Selby laughed at the sudden anguish in his father's tone, but he also came over to put an arm around the paternal shoulders. It was his way of telling him that he had made up his mind. He had given up painting for good.
27
ON HIS WAY up Fifth Avenue to Number 417, late in the afternoon of the same day, after making four New Year's Day calls, Dexter felt his ego, so deflated in the morning family conclave, almost restored to its usual buoyancy. He had learned not to blush at the flutterings of his own conceit, so long as he kept them in his private domain. It was undeniably agreeable to receive the flattering attentions of the social world, to note the half-step a hostess would make from the receiving line on seeing him and hear her "Ah, dear Dexter, we are honored!" And then, as had just happened at the Rutgers Van Rensselaers', to overhear a man murmur to his wife, "Look, there's Mr. Fairchild! He gave that big dinner for General Grant at the Patroons' last fall."
At the end of the long gallery, standing in the midst of a respectful group of gentlemen, Mr. Handy greeted him with a beckoning wave.
"There you are at last, my dear Dexter! We were just speaking of you. Come and give us your opinion about the impeachment."
Mr. Handy, at eighty-two, was a trifle stouter, a trifle whiter, a good bit mo
re forgetful, but he still exuded the same ebullient, almost aggressive hospitality. Dexter noted among the group around his father-in-law, David Ullman, Charley Fairchild, Nicolas King and the marble features and large stern nose of William Maxwell Evarts. He was a bit dashed by the great lawyer's presence. His "genius" was rebuked by Evarts', he liked to imagine, as Antony's had been by Octavius'.
"What should be our first toast of the year?" Mr. Handy pursued, without waiting for his unneeded answer. He raised a cut-crystal champagne glass. "To President Wade?"
But this was going a bit far, even for a group so staunchly Republican. Old Mr. King coughed; Charley Fairchild smirked; Mr. Evarts looked coldly away.
"I think he might be an adequate caretaker until we have had the opportunity to nominate and elect President Grant," Dexter observed tactfully.
"We mustn't let the rebels win in the White House the war they lost in the field!" cried Charley, echoing what he had heard Dexter say so many times in the office.
Dexter frowned at the violence of his cousin's tone. There was no doubt that Charley was beginning to drink again. It had taken a war to cure him once. What cataclysm would be needed to stop him a second time?

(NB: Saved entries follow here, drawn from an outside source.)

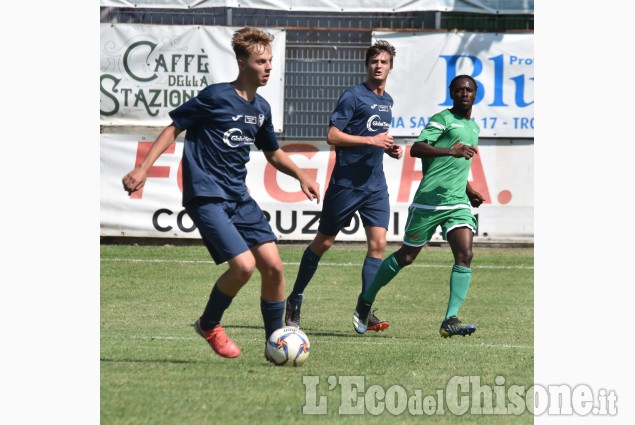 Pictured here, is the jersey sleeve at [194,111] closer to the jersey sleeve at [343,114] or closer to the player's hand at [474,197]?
the jersey sleeve at [343,114]

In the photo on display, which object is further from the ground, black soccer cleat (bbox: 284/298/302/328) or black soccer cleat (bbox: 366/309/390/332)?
black soccer cleat (bbox: 284/298/302/328)

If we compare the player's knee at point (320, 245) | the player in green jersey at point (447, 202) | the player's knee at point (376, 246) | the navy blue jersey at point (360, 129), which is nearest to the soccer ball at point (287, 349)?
the player in green jersey at point (447, 202)

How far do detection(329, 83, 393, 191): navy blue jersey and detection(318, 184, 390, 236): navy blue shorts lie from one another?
7 centimetres

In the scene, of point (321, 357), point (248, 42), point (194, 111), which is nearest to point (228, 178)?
point (194, 111)

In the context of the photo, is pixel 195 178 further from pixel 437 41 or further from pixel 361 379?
pixel 437 41

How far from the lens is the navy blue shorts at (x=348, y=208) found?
405 inches

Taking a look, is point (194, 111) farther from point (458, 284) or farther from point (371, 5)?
point (371, 5)

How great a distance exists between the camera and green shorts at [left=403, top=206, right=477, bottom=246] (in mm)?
9758

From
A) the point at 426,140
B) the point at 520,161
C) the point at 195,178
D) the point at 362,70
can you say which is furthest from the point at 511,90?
the point at 195,178

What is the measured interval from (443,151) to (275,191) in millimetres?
7901

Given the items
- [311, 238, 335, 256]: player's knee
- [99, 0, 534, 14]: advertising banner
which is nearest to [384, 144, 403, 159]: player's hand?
[311, 238, 335, 256]: player's knee

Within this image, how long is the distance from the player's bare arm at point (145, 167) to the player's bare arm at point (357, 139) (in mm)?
2236

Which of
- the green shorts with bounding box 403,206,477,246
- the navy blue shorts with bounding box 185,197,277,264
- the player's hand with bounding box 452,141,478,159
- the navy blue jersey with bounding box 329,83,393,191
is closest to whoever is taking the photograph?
the navy blue shorts with bounding box 185,197,277,264

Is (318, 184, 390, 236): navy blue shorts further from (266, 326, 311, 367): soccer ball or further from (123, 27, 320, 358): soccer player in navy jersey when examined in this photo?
(266, 326, 311, 367): soccer ball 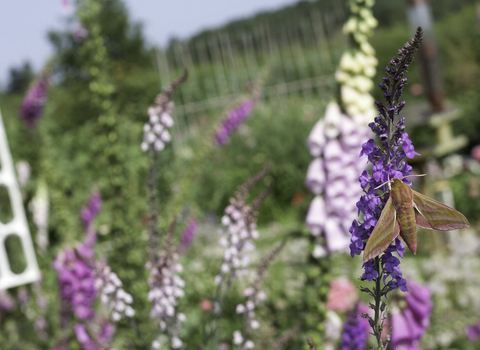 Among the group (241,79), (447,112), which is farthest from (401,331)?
(241,79)

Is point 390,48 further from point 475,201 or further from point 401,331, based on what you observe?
point 401,331

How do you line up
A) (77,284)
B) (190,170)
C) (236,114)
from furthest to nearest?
(236,114) < (190,170) < (77,284)

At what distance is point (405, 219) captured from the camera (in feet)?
2.05

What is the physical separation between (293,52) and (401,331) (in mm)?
14086

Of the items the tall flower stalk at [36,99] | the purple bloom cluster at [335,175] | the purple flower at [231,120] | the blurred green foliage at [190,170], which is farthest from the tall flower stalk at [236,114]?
the purple bloom cluster at [335,175]

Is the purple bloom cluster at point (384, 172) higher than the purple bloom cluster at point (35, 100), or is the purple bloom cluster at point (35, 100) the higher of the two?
the purple bloom cluster at point (35, 100)

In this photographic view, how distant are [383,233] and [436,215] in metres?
0.13

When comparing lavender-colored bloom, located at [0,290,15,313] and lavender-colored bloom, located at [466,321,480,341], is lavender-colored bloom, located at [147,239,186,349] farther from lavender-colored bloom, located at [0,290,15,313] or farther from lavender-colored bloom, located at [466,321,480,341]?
lavender-colored bloom, located at [0,290,15,313]

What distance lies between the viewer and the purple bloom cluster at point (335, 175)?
1.61m

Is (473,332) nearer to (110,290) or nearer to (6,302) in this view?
(110,290)

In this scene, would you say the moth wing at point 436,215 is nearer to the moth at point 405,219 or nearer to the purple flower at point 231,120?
the moth at point 405,219

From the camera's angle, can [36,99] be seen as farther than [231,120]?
No

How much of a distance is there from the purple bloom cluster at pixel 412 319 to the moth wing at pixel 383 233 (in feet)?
2.66

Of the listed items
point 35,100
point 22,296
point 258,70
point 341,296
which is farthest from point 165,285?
point 258,70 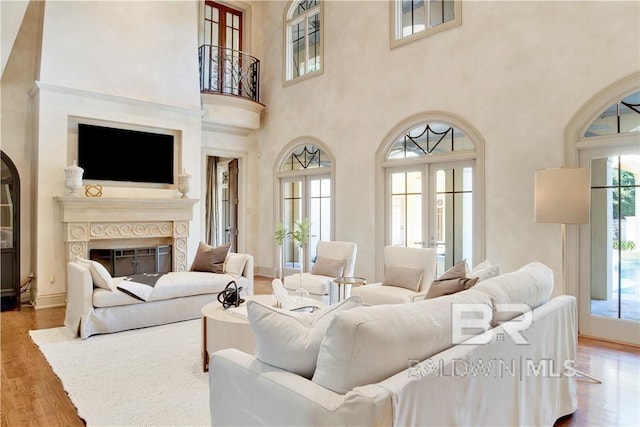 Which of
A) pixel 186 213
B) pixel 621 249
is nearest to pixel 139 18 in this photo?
pixel 186 213

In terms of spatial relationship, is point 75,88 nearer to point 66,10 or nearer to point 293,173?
point 66,10

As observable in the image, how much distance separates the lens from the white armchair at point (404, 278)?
13.5 feet

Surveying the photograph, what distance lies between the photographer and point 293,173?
25.2 feet

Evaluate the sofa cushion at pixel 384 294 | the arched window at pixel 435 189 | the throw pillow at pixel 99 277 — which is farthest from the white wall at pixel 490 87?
the throw pillow at pixel 99 277

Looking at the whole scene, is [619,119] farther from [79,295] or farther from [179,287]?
[79,295]

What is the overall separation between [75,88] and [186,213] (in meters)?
2.39

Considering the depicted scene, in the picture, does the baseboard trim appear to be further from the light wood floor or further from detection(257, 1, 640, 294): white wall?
detection(257, 1, 640, 294): white wall

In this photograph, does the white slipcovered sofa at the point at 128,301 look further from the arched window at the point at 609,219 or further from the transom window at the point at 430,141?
the arched window at the point at 609,219

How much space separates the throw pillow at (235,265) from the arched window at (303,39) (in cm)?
367

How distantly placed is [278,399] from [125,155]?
19.3 feet

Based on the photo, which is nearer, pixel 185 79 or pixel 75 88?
pixel 75 88

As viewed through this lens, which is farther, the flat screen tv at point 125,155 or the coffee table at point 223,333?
the flat screen tv at point 125,155

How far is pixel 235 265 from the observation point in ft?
17.5

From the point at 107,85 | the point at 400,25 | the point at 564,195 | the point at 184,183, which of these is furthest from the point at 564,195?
the point at 107,85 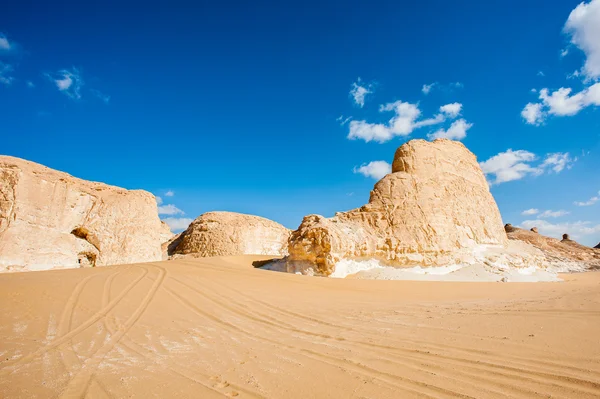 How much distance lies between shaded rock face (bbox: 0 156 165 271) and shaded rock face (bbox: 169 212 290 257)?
5.21 metres

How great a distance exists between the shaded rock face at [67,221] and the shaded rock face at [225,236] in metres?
5.21

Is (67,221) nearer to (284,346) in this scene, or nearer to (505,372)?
(284,346)

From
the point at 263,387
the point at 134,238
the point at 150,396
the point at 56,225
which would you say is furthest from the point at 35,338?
the point at 134,238

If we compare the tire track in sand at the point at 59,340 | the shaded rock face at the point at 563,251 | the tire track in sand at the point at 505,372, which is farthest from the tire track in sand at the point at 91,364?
the shaded rock face at the point at 563,251

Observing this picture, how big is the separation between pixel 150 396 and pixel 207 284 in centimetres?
587

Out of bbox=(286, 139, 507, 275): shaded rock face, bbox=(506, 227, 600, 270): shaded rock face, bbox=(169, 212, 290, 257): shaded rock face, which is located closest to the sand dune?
bbox=(286, 139, 507, 275): shaded rock face

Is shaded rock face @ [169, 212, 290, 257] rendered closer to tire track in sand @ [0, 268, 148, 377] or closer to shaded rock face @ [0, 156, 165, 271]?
shaded rock face @ [0, 156, 165, 271]

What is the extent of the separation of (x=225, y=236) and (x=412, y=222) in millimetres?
12255

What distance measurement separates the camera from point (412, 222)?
12.8 metres

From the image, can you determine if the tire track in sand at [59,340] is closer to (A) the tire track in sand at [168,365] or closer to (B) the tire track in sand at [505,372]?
(A) the tire track in sand at [168,365]

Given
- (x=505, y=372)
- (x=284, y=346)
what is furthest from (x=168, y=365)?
(x=505, y=372)

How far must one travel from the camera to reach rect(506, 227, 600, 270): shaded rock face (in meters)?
27.8

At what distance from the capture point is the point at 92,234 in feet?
40.0

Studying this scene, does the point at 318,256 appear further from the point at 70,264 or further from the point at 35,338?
the point at 70,264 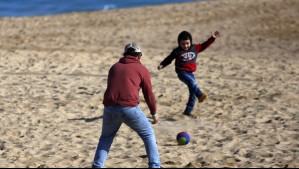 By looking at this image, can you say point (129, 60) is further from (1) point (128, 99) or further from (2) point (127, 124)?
(2) point (127, 124)

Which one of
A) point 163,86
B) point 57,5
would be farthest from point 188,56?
point 57,5

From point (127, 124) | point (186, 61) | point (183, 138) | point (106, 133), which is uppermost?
point (186, 61)

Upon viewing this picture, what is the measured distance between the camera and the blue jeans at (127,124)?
24.1 ft

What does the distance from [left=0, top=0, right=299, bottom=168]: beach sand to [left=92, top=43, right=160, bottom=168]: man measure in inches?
43.4

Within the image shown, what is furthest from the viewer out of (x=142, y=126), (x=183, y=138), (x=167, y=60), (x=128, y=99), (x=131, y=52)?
(x=167, y=60)

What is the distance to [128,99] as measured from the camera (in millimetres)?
7344

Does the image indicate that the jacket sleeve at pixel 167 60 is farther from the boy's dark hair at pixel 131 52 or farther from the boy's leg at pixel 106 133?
the boy's leg at pixel 106 133

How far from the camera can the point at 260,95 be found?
13.0 m

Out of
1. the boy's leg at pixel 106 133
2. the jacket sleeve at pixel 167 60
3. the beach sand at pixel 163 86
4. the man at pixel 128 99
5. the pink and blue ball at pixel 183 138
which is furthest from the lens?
the jacket sleeve at pixel 167 60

"These are solemn times, Mr. Handy," Evarts now affirmed. "But I am not convinced that they justify so drastic a remedy as impeachment."
"What is our alternative?" Dexter asked him. "It seems to me that we must strike while our iron is still hot. Proper Republican sentiment is slackening everywhere. People are getting sick and tired of Southern problems. If Johnson has his way for the rest of this year, we may never be able to make the rebel states accept negro suffrage. They claim the negro is illiterate. Well, whose fault is that? Let them educate him!"